This is our world. The devolution will be tweeted.
(TW)
March 3, 2017
Alexa, How Much Time is Left?
The ominous question: Alexa, how much time is left?
You have one timer, with about 23 minutes left, she says.
Plumbing the depths and finding nothing but shallows this morning. It’s usually when I can’t come up with something to say that I know this exercise is essential. That habit is, as Octavia Butler said, “persistence in practice”; that it will sustain me when there’s nothing here and when there must be (not that anyone other than me cares if something new is written here—I began this project with that notion at the forefront).
Alexa, how much time is left?
You have one timer, with about 15 minutes left.
Perhaps it is the remnants of fear induced by being surrounded by parents convinced that their child is the star of the show at my niece’s song-and-dance recital last night, a scene more foreign to me than Bradbury’s most outlandish excursions into the unknown, or the knock on the head from the bathroom cabinet door that splayed me out across the floor and sprung The Morkie into resuscitative action. This is what I will tell myself, anyhow.

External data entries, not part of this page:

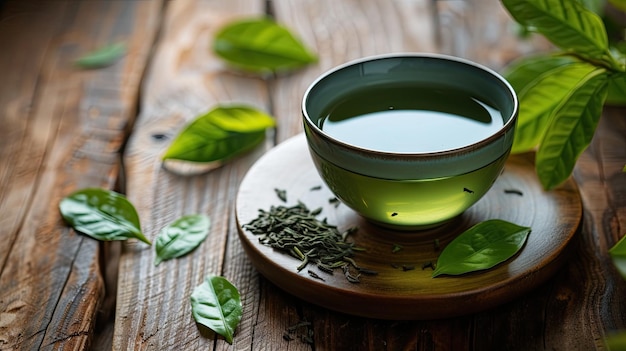 чашка зеленого чая на деревянном столе с листом и естественным фоном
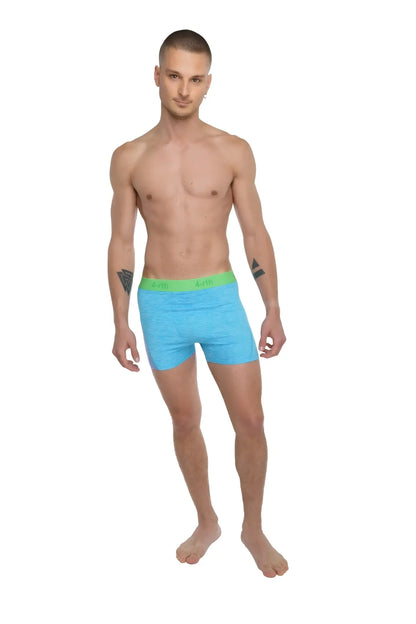 Bright blue boxer briefs with lime green waistband designed for performance yoga leggings coral heather collection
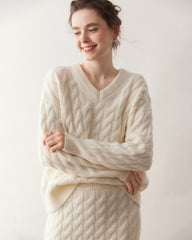 Cashmere Wool Cable Knit Sweater and Skirt Set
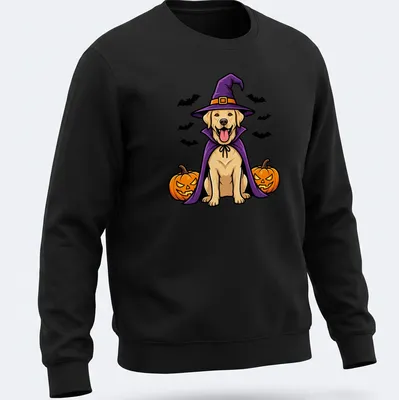 Cartoon Labrador Retriever in a witch hat with vibrant Halloween colors — printed on a unisex sweatshirt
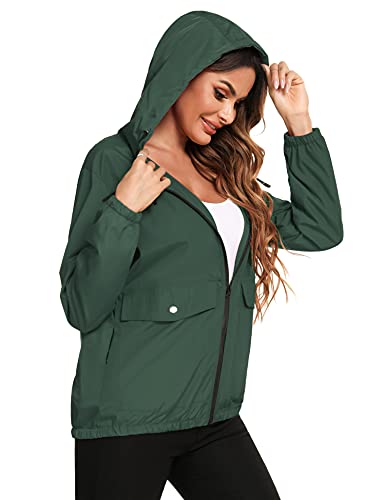 Doaraha Abrigo Impermeable Mujer, Chaqueta Deportiva Impermeable Mujer, Chaqueta Impermeable Cortavientos Mujer, Cortavientos con Capucha Mujer, Abrigo Ligero Impermeable Secado Rápido, Verde, XXL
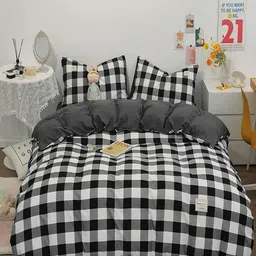 JC HOME Black & White Checked Regular Bedding Set-35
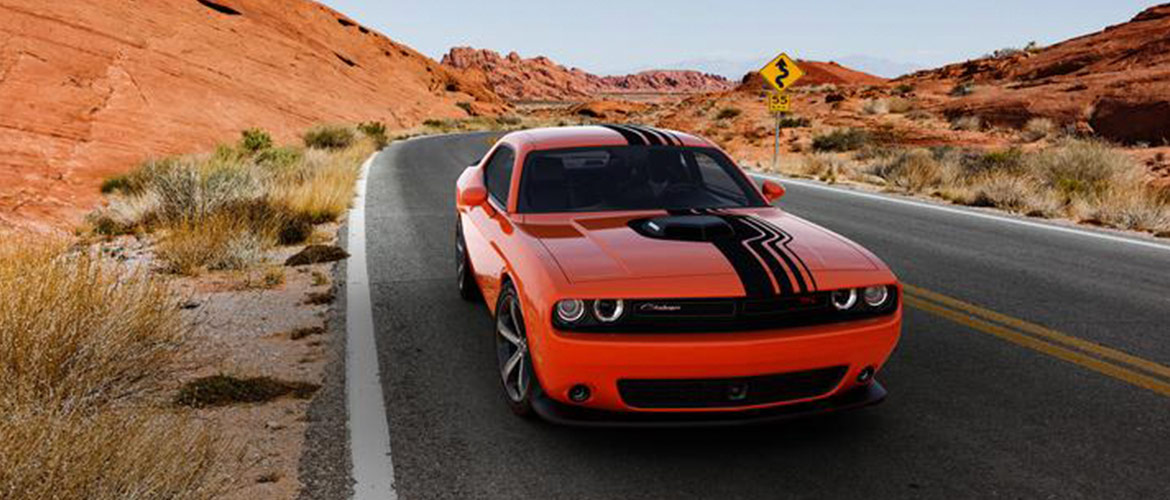 New Dodge Challenger Shakedown package. Orange Challenger with black stripes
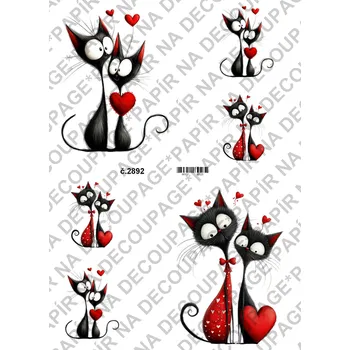 Umělecký papír Rýžový a soft papír na decoupage - kočky Valentýn láska - KB2892 Materiál: Soft, Rozměr: A4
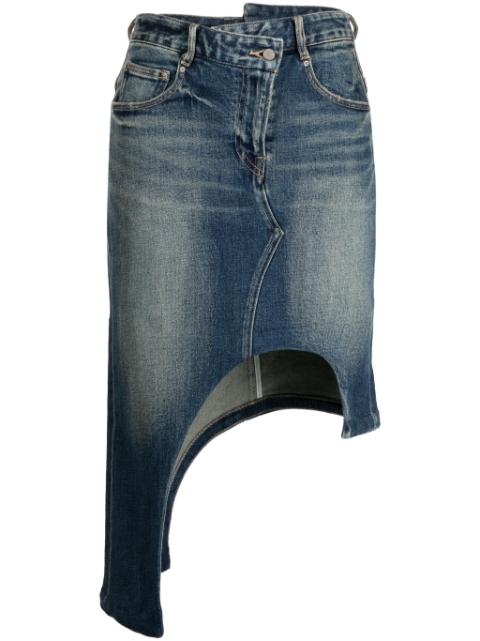 asymmetric-design denim skirt by JNBY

Alexa, how much time is left?
You have one timer, with about two minutes and forty seconds left.
(Stares at the screen…)
Alexa, how much time is left?
(TW)
March 2, 2017
Quieting Down
I had begun to write a third post in a row on politics but I hated it. Hated the result, hated the subject matter. Unfortunately, that leaves me with little on my mind this morning which might be where I need to be.
Three word version of what I was writing: Sessions must go.
I’ve written a great deal about social media. Too much, probably. It holds a boundless fascination for me. Twitter, especially. It is both a source of anxiety and the place I go in a misguided attempt at alleviating that anxiety. It is both essential and superfluous. It is a tool and I am its tool.
I yearn to quiet it down. To feel that I’m able to do so. To read without the need to share, without the need to feed the beast of my own perception, without hunting for that quotable line that will fit in 140 characters. How, exactly, I get there, is anyone’s guess. But I don’t think it is through being present on Twitter as much as I have been of late (if one is ever truly present on Twitter). No matter what, posting here will continue. This has been one of the most creatively satisfying challenges I’ve created for myself. Not giving it up.
The priorities: writing, reading, learning, resisting, human-ing.